Mientras Peter Parker tiene que vivir en un mundo donde nadie lo recuerda y sufre constantemente al intentar adaptarse al cambio, Spider-Man empieza a sufrir una mutación. La película ocupa la muda de las arañas para darle una tercera pubertad al protagonista, que ya va por su cuarta historia en la que aprende a ser un adulto, y ayudarlo a tomar conciencia de su valor como persona y héroe —cosa que también está en su cuarta reiteración—. Esto también viene con un aumento de sus poderes que lo hace perder el control, lo que tiene pocas consecuencias en la película más allá de una escena en la que Jean DeWolff, aliada policial del héroe interpretada por Liza Colón-Hayes, le advierte que tenga cuidado.

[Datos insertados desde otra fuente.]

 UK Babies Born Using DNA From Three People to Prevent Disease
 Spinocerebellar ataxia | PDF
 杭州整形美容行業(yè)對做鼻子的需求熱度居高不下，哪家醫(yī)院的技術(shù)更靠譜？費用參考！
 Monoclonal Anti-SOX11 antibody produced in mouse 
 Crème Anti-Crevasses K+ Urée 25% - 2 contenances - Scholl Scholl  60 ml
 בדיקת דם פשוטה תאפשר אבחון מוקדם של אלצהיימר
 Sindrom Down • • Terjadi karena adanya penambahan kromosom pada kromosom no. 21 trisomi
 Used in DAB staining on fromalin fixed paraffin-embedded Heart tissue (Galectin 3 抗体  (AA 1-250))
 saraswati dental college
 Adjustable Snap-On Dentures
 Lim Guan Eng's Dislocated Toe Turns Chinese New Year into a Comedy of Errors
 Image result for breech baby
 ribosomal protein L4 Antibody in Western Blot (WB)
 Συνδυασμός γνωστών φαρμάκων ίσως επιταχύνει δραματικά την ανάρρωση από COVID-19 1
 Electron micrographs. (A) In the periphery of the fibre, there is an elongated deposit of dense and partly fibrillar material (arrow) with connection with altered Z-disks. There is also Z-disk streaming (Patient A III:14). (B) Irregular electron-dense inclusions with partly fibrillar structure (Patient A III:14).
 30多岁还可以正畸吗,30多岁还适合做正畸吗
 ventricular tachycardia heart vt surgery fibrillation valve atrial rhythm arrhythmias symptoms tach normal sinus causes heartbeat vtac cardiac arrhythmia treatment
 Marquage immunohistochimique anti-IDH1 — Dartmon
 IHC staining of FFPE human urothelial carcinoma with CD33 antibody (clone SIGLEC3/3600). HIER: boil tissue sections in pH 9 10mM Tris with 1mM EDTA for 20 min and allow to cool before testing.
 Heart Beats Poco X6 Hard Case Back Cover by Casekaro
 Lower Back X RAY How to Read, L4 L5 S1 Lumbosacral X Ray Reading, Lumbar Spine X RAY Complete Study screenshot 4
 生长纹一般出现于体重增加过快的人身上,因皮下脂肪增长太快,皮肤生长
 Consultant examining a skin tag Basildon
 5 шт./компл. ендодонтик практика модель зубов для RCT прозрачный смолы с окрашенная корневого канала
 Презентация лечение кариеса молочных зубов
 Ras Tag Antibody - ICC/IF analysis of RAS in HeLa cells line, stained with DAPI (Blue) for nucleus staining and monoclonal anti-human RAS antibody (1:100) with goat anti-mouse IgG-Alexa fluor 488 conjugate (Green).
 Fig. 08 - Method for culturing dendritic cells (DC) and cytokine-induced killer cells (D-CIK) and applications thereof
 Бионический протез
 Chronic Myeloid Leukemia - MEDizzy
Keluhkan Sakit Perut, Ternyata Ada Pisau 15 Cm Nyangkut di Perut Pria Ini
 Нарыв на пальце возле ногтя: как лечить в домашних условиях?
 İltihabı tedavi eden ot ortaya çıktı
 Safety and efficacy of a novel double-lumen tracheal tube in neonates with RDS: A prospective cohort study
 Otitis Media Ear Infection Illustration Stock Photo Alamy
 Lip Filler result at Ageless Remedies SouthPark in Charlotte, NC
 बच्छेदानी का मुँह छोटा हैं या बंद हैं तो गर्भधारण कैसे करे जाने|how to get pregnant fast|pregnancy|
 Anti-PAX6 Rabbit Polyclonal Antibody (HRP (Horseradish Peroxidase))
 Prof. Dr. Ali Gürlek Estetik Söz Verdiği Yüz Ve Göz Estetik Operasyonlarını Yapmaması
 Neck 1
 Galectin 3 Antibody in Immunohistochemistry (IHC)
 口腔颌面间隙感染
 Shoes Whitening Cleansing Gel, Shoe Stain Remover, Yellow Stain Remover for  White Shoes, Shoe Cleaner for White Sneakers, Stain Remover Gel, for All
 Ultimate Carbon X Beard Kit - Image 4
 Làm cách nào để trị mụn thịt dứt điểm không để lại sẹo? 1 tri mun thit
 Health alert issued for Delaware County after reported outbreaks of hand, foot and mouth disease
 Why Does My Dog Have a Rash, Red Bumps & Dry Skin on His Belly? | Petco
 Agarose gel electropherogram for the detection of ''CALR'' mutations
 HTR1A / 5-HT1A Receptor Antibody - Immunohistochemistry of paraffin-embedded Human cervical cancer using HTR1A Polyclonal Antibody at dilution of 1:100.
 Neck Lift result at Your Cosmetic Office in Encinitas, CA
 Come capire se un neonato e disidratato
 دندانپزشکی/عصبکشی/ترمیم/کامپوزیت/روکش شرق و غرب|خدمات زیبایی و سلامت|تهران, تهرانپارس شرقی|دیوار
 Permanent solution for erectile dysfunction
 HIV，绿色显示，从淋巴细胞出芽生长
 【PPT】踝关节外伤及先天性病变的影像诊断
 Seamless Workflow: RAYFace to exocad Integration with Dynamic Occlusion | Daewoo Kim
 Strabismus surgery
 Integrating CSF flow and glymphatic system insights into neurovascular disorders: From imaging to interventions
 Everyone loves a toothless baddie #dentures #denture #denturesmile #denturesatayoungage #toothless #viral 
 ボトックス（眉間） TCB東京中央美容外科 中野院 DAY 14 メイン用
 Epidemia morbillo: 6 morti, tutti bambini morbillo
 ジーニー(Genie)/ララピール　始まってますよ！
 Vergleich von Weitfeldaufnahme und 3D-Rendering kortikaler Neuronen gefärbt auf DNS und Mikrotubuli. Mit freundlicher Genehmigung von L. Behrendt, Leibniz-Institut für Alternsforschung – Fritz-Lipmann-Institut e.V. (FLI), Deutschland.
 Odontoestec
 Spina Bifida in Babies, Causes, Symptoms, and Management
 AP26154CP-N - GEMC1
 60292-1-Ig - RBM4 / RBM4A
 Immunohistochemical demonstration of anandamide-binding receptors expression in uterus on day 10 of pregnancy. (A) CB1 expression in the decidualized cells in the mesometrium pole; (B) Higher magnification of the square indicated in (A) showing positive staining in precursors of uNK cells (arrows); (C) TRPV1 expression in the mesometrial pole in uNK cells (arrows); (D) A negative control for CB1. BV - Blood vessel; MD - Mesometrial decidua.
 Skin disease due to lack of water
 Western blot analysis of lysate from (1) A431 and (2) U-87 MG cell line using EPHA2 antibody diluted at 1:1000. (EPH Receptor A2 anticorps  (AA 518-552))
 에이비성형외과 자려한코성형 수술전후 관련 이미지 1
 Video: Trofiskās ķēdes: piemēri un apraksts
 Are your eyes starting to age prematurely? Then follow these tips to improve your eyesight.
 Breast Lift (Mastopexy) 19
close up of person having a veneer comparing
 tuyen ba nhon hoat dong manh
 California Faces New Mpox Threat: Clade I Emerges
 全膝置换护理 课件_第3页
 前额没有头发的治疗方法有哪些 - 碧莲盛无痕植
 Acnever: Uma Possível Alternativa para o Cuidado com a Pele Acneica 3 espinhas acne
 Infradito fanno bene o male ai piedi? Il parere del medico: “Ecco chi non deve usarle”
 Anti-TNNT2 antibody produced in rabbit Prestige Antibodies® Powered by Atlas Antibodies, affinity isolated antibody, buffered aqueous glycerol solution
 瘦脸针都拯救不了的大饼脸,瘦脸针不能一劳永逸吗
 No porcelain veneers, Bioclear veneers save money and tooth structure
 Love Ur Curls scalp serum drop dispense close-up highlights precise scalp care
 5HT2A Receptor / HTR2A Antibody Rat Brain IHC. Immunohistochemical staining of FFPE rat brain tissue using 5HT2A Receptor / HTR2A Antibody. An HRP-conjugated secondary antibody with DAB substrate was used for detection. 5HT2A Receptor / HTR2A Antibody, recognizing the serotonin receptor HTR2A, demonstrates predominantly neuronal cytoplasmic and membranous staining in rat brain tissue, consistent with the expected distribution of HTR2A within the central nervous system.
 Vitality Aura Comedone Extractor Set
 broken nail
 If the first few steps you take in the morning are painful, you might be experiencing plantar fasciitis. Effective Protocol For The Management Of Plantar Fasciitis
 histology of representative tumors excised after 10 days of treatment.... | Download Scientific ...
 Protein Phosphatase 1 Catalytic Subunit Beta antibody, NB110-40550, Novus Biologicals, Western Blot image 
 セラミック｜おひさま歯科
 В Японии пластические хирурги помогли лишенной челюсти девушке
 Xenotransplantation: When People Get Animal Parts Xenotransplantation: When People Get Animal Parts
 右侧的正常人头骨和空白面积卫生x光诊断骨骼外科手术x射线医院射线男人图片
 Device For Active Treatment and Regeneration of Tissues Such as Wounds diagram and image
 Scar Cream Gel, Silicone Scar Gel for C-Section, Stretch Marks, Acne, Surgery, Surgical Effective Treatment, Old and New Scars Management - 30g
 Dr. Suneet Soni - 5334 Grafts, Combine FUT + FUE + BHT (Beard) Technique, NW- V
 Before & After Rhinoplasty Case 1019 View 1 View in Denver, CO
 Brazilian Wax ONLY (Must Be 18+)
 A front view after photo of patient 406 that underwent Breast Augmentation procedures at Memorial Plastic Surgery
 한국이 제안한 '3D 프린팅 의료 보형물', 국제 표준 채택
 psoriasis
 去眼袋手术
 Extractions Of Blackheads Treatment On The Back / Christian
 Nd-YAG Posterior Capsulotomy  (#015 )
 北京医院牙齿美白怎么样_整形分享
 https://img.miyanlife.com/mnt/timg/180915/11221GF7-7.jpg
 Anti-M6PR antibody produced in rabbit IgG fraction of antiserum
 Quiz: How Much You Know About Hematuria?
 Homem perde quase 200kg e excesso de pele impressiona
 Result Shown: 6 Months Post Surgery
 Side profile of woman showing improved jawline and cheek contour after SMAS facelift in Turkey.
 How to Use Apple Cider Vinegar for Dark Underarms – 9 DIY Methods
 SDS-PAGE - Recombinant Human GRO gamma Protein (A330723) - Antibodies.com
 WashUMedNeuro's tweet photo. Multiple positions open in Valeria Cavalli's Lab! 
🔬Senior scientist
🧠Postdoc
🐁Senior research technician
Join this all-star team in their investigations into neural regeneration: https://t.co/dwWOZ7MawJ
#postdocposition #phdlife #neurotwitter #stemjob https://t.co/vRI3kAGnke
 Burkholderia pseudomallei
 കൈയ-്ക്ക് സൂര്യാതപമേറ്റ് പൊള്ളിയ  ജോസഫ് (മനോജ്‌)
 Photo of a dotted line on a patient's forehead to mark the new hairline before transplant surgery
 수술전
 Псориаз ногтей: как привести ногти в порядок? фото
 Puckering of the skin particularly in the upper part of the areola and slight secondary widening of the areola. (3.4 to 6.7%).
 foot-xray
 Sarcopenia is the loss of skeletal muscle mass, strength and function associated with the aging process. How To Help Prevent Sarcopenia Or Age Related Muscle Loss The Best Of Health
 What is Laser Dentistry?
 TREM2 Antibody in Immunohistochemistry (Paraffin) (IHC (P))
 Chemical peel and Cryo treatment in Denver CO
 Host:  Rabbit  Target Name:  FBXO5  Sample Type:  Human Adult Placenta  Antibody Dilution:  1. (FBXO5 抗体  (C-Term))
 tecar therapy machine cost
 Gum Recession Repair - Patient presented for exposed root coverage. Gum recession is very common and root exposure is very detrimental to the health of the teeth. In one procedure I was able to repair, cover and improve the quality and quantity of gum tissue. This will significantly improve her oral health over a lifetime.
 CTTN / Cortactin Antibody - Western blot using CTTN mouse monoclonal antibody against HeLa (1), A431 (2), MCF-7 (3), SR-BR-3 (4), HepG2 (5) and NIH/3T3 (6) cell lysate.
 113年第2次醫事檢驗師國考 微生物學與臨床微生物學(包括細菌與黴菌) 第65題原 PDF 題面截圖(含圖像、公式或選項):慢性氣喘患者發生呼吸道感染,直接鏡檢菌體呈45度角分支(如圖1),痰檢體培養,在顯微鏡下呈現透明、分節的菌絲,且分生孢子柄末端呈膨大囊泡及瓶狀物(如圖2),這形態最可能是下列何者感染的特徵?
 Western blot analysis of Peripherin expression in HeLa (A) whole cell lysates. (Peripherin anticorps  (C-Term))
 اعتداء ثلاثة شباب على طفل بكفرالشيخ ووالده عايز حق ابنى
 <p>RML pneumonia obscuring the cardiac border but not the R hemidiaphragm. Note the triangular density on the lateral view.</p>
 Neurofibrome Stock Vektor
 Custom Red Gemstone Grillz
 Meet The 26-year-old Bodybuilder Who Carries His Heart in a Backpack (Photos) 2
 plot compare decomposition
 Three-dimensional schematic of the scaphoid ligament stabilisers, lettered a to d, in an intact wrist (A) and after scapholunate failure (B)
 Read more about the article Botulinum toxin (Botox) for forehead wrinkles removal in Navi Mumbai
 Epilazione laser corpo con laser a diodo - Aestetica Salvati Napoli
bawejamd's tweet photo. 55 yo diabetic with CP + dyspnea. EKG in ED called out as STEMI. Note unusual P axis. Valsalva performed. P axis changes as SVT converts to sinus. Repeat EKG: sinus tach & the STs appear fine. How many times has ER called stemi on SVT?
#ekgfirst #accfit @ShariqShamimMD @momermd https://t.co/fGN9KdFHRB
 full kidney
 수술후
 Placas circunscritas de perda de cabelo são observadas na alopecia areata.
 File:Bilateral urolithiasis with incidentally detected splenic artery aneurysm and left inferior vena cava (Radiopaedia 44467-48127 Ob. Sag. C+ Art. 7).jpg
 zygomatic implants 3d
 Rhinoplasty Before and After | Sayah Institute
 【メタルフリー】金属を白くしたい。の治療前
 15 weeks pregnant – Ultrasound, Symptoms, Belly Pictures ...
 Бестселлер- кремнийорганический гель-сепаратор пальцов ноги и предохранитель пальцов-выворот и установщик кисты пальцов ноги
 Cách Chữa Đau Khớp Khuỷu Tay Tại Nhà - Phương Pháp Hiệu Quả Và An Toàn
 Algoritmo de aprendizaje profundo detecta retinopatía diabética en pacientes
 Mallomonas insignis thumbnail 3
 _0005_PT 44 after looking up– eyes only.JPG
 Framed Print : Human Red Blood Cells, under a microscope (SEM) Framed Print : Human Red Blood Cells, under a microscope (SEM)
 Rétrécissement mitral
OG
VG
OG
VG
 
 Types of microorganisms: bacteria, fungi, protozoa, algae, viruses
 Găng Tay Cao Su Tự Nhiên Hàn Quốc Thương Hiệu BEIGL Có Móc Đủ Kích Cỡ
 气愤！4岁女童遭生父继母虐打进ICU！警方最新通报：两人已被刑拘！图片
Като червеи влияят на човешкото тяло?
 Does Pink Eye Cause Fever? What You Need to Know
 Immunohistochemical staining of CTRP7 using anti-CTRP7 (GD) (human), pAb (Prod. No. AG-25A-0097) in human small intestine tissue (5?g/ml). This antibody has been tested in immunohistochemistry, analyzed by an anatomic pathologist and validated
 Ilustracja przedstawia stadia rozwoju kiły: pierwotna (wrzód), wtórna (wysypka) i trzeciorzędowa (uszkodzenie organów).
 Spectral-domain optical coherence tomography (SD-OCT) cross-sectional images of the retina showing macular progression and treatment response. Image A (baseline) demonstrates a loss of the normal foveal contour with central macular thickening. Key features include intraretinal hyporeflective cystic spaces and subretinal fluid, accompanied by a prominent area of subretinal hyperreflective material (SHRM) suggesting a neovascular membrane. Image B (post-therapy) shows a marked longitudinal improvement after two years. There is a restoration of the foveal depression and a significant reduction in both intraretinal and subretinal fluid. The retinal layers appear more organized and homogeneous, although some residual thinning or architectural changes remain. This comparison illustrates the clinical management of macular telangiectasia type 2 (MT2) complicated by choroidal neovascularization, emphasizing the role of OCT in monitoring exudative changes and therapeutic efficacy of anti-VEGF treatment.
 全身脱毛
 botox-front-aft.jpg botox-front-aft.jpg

Aunque podría parecer que la historia explorará los peligros del aislamiento y las formas en que cada uno lidia con eso —a través de una entrega excesiva al trabajo, una reclusión en casa o una dependencia en programas de IA—, si hay algo de lo que Peter Parker demuestra ser capaz es de pedir ayuda. Cuando necesita encontrar a la antagonista —Sadie Sink—, recurre a la Yelena Belova de Florence Pugh. Cuando busca ideas para lidiar con su mutación, de inmediato pide ayuda a Bruce Banner, interpretado una vez más por Mark Ruffalo. Y cuando necesita proteger a un ser querido o continuar su lucha contra el crimen, solicita la ayuda de Frank Castle o de Jean DeWolff, respectivamente.
Si bien los tres focos de la trama, divididos —más o menos— en las interacciones con los otros tres superhéroes, avanzan a la par, no aterrizan al mismo tiempo, lo que deja huecos en la trama y acaba por dejar irresueltos algunos de sus temas. El de la mutación y el cambio es el principal y claramente fue el primero en ser concebido, porque es el que se trata con más cuidado, y desplaza el desafío de Peter de reintegrarse al mundo. La aceptación del cambio y las nuevas formas de ser, y de las partes más oscuras de uno mismo, son conclusiones a las que la historia intenta llegar, pero se queda a medias. Al final, triunfa el aceptar lo que uno es, y los componentes más incómodos de esa estructura pueden ser pasados por alto si se consigue ese triunfo.
El gran triunfo de esta película, por otro lado, es ampliar las escenas entre el protagonista y sus mejores amigos, que fueron ignorados y reducidos a una simple función durante toda la trilogía anterior, de manera más notoria en la segunda y —especialmente— en la tercera. Ned Leeds —Jacob Batalon— es tan carismático como siempre y vuelve a tener momentos uno a uno con Peter y MJ, y también hay algunos entre los tres. Una de las mejores escenas de toda la estadía del arácnido en el MCU se debe a esto, durante la segunda mitad de la película, y es de esos momentos de interacción entre actores que tienen su propio espacio y hacen sostenible todo lo demás.
El corazón de esta película es robusto e interesante, pero las típicas marcas de la intervención del estudio —la introducción del personaje de Sadie Sink, diálogos sobreexplicativos que entorpecen el montaje, efectos especiales que no se ven del todo bien— le pesan y producen un resultado que a veces es apagado, a veces brillante, y al final queda un tanto inconcluso. Es más de lo mismo bajo una apariencia novedosa, que mueve poco la historia de su protagonista y no se hace cargo de su propia trama en todo momento, como debería. Es otro día más.